Sebastian waved a hand without looking at her. "After the selection, dear."

"Now."

The room went still. Sebastian turned, and for a moment, something sharp flickered behind those watery blue eyes. Then the smile came back, wider than before, the kind of smile you give a dog that just growled at you.

"Gentlemen, please excuse us for a moment. Help yourselves to the refreshments."

He walked toward the private function room at the back. Quinn rose from her chair, smoothed her gown, and followed him. Diane grabbed Edwin's arm and dragged him along.

The door closed behind them.

"You will not embarrass me in front of important guests," Sebastian spoke first, pointing his cane at Quinn.

"Embarrass you?" Quinn's voice stayed level, but her hands shook at her sides. "You lined up twelve men like I'm a prize to be won at a carnival, and I'm embarrassing you?"

"You are a Sterling. Your marriage is not your decision. It belongs to this family."

"My marriage belongs to me."

Sebastian laughed. The sound was dry and hollow. "You sound like your mother. Full of opinions, empty of understanding." He glanced at Diane. "I see where she gets it. Like a stray dog that keeps barking no matter how many times you kick it."

Diane's face went white. Edwin looked at the floor.

"Don't talk about my mother like that." Quinn stepped forward.

"I'll talk about whoever I please, however I please, in my own hotel, at my own event." Sebastian leaned on his cane and looked at Quinn the way you look at something stuck to the bottom of your shoe. "You think you matter because you have a Saintess title? Without this family's name, you're nothing. A leech with a pretty face. I built this empire while your father sat in corners collecting dust, and your mother filled this house with noise and complaints like a broken radio."
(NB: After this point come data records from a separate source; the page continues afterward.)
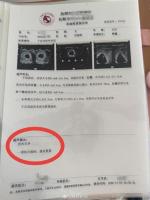 辽宁一孕妇两个月从一胎变四胞胎 罕见同卵四胞胎引发关注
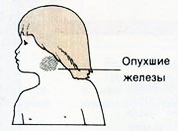 Эпидемический паротит, или свинка 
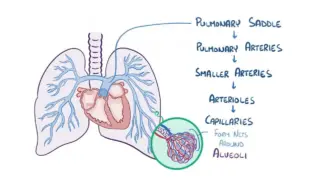 Understanding Pulmonary Embolism and Its Impact on Health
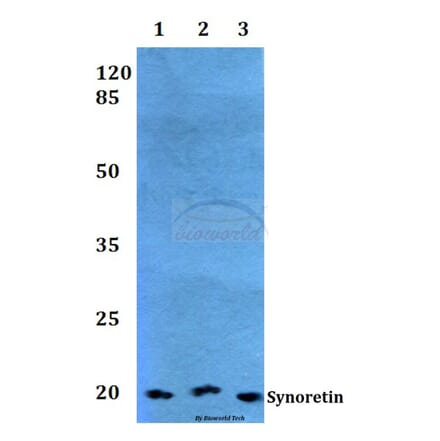 Anti-Synoretin (A111) Antibody from Bioworld Technology (BS1429) - Antibodies.com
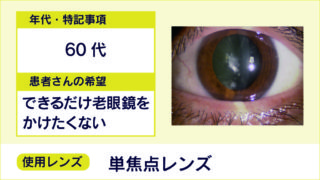 【白内障手術 症例2】60代/単焦点レンズ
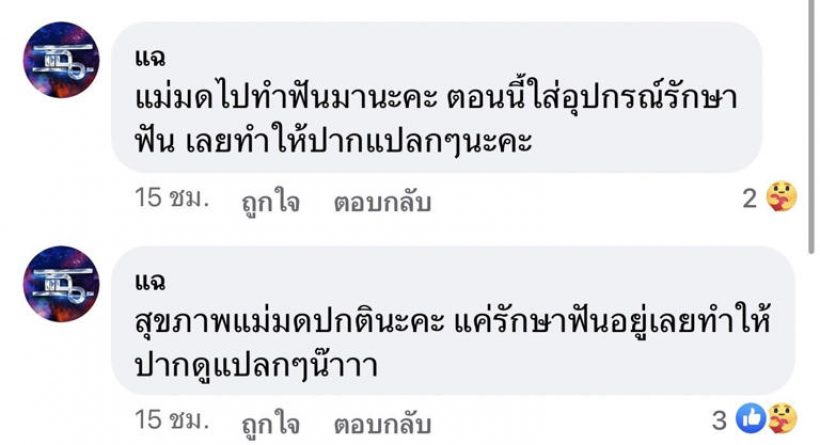 แห่เป็นห่วง มดดำ อ่านข่าวปากเบี้ยว-เจ้าตัวแจงเกือบขิตแล้ว!!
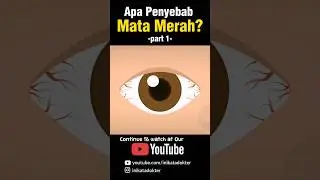Apa Penyebab Mata Merah?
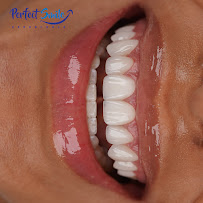 Perfect Smile Experience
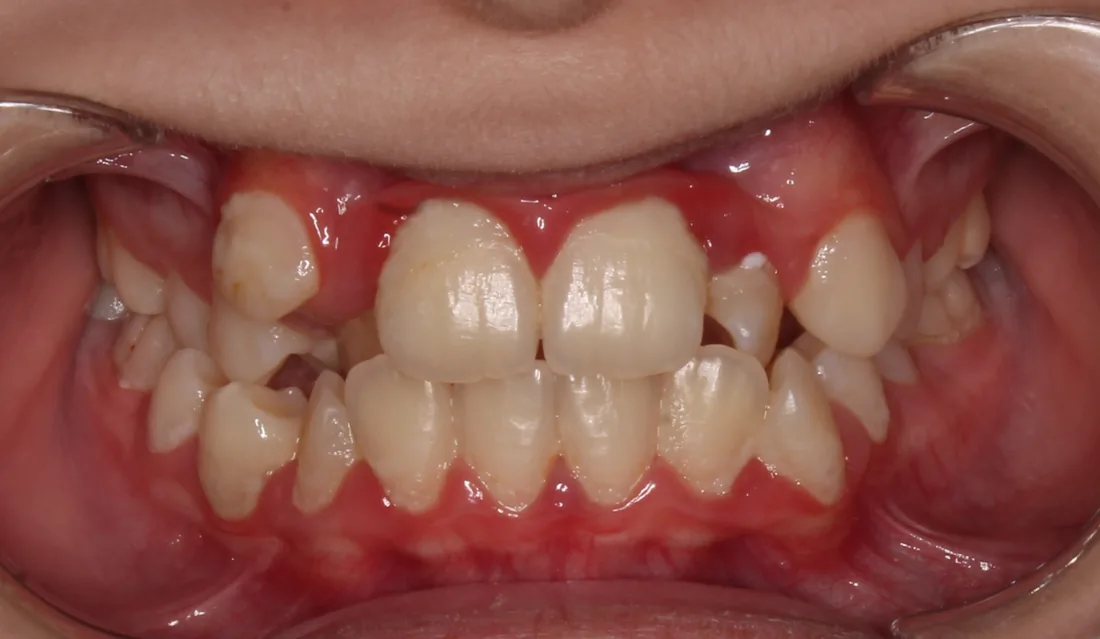 კბილების მდგომარეობა მკურნალობამდე, NB Dental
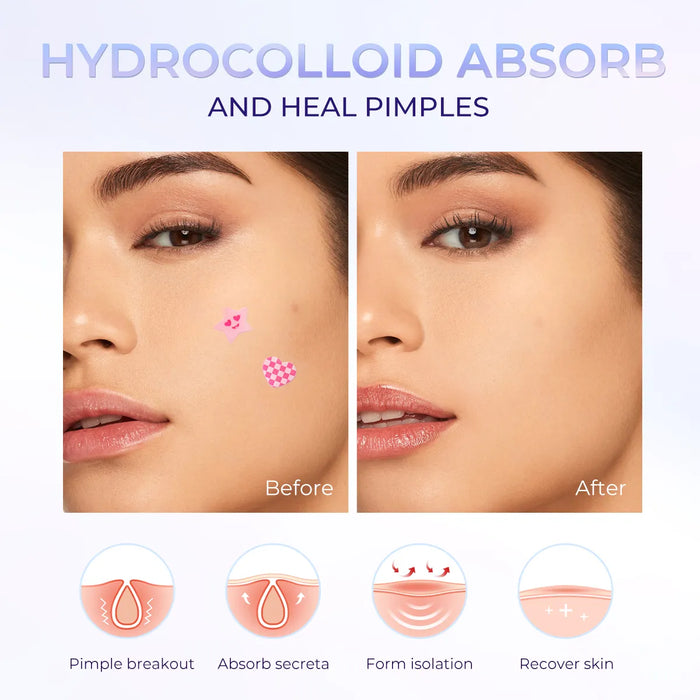 SACE LADY Multi-Shaped Pimple Patches - product image 3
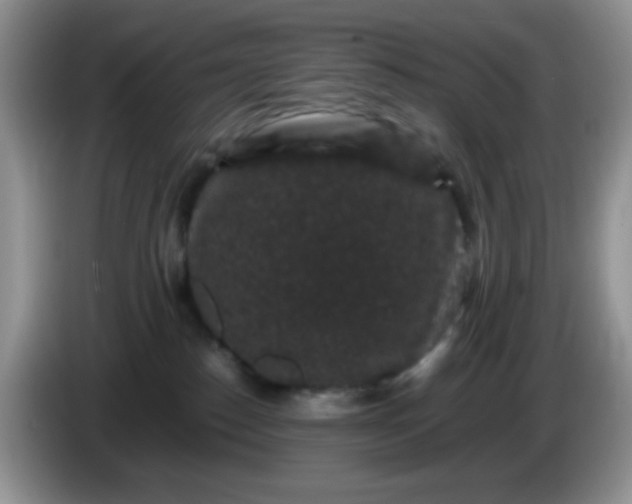 X0000086260186200704122017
Edwin flinched but said nothing.

Diane's eyes burned. "You old bastard."

"See? Barking again." Sebastian turned his back on her. "Quinn, you will go back into that room. You will smile. You will be gracious. And you will accept whichever man I choose for you. This is not a request."

Quinn stared at her grandfather's back, at the pressed line of his suit, at the liver spots on his hand wrapped around that cane.

Her throat burned. Her eyes stung. But she would die before she let him see it.

"And if I refuse?"

Sebastian looked over his shoulder. "Then I cut you off. Your parents too. Every account, every property, every connection. You'll be out on the street by morning, all three of you, with nothing but the clothes on your backs." He paused, letting it sink in. "Your mother can bark all she wants from a gutter. Let's see how loud she is then."

He walked out of the room.

The door clicked shut behind him, and Diane turned on Edwin with tears streaming down her face.

"Say something. For once in your life, say something."

Edwin opened his mouth. Closed it. Looked at the wall.

Quinn sank back into her chair, her fingers gripping her knees, her knuckles white against the fabric of her gown.